Artworks stolen during the Nazi era have been a central focus of provenance research over the past 30 years, especially since 1998, when the U.S. Department of State and the U.S. Holocaust Memorial Museum hosted a landmark conference. Representatives from forty-four countries, along with thirteen nongovernmental organizations, museums and auction houses, convened to produce the “Washington Principles,” which declared that “art that had been confiscated by the Nazis and not subsequently restituted should be identified” and returned whenever possible. Compliance with those principles has varied. Art stolen by Nazi officials in the 1930s and by the German military during the Second World War tends to make the biggest headlines—partly due to the value of individual pieces—but Duffy-Zeballos emphasized that any understanding of provenance research has to go far beyond this era. “A growing field is in the area of Buddhist antiquities, colonial repatriation and Native American objects,” she said.

In the first few months of 2025, U.S. museums have returned antiquities to countries around the globe. In February, the Metropolitan Museum of Art repatriated to Greece a 7th-century B.C. bronze griffin head believed to have been stolen from an archaeological museum in Olympia in the 1930s. In March, the Art Institute of Chicago returned a 12th-century Buddha sculpture to Nepal. Also in February, the Cleveland Museum of Art announced plans to send back to Turkey a 2,000-year-old Greco-Roman bronze statue that had been looted from the ancient city of Bubon.

Surrendering or repatriating objects from a museum’s permanent collection is rarely easy. Legal teams often get involved—or, as in the case of the Cleveland Museum of Art’s bronze statue, the Antiquities Trafficking Unit of the Manhattan District Attorney’s Office, which has pursued criminal cases against museums across the country in recent years. “Restitutions are challenging for many reasons: they are controversial, they involve ethical and legal questions and they have strong diplomatic elements,” Leila A. Amineddoleh, founder of  Amineddoleh & Associates LLC, told Observer last year. “Cultural items are unlike other objects—they are imbued with cultural significance. As such, some people feel objects in a transcendent way. Accordingly, cultural heritage has political and diplomatic currency.”

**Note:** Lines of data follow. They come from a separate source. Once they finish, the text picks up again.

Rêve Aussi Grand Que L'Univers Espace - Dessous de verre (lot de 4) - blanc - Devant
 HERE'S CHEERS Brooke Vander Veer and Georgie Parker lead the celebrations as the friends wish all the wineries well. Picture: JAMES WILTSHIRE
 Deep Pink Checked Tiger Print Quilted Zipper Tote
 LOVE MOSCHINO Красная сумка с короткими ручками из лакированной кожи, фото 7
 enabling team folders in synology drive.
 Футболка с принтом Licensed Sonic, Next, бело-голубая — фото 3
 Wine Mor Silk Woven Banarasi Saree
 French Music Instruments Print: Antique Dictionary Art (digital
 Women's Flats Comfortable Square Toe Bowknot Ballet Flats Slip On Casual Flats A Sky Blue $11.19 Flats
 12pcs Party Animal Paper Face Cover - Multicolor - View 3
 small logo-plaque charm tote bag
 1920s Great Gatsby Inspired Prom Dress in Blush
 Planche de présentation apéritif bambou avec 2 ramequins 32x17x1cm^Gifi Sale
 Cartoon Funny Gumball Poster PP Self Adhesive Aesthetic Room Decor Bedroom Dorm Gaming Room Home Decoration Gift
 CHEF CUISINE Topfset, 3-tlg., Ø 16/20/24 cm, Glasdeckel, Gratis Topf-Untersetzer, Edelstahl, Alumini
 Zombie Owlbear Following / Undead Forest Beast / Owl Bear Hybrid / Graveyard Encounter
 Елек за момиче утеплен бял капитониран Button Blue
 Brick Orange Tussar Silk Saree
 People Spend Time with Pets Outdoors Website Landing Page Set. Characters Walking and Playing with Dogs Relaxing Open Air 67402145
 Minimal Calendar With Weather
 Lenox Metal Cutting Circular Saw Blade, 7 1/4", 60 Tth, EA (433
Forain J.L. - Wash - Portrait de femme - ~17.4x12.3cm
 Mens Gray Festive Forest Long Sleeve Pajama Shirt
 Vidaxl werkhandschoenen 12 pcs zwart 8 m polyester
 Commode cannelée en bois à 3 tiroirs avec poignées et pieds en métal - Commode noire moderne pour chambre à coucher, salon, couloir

Duffy-Zeballos said IFAR and its course aren’t concerned with politics. “Our goal is for people to have a greater knowledge of these issues and to strive toward transparency, which has been a problem when it comes to provenance in the art world. And very legitimate issues of privacy are attached to this.” For people to be able to do this work openly, ethically and cooperatively, she added, you have to be able to see if there are gaps in an artwork’s or artifact’s origins.